Photograph Source: U.S. Department of State – Public Domain
Last week, Pres. Trump issued an Executive Order targeting South Africa (SA). In terms of this order, the United States (US) immediately cut all aid to the country and granted refugee status to white citizens of Afrikaner descent. This was ostensibly done because SA had enacted legislation, principally the Expropriation without Compensation Act, which allegedly discriminates against Afrikaner South Africans and had harmed US interests by taking ally Israel to the International Court of Justice on genocide charges against the Palestinian people.

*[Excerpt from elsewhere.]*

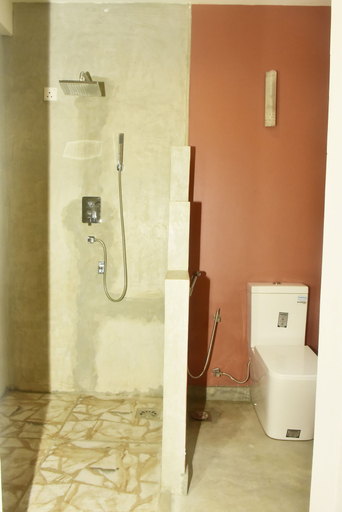 Bathroom 3, Safari Queens Resort, Embilipitiya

A review of local media commentary and analyses thereon in the days that followed suggests that local analysts accept the reasons that Pres. Trump has put forward for passing this Executive Order although they disagree on the legitimacy of the grounds and the accuracy of the information upon which he based his decision. Indeed, coming as his decision did after the slew of social media posts that Pres. Trump has posted about SA over the years and growing tension between SA and the US government caused by, amongst others, alleged SA military support for Russia in its war against Ukraine, one can detect a certain degree of smugness amongst many self-appointed political pundits and armchair critics of the government who have supposedly warned SA that its policies were on the radar of the US government.
Although some commentators have speculated on the influence which South African born billionaire Elon Musk might have exerted on Pres. Trump, the possibility that factors other than seemingly altruistic diplomatic and humanitarian concerns may be driving Pres. Trump’s decision has not received much consideration, notwithstanding the markedly mercantilist tone which he has struck in pronouncements during the first month of his second term as president. In a bid to address this oversight, the following article explores a possible commercial dimension to this decision. Specifically, it will focus on the possibility that US commercial interests in South Africa’s nuclear industry and the access this could afford to Africa’s potentially lucrative nuclear energy market in future underlies this decision.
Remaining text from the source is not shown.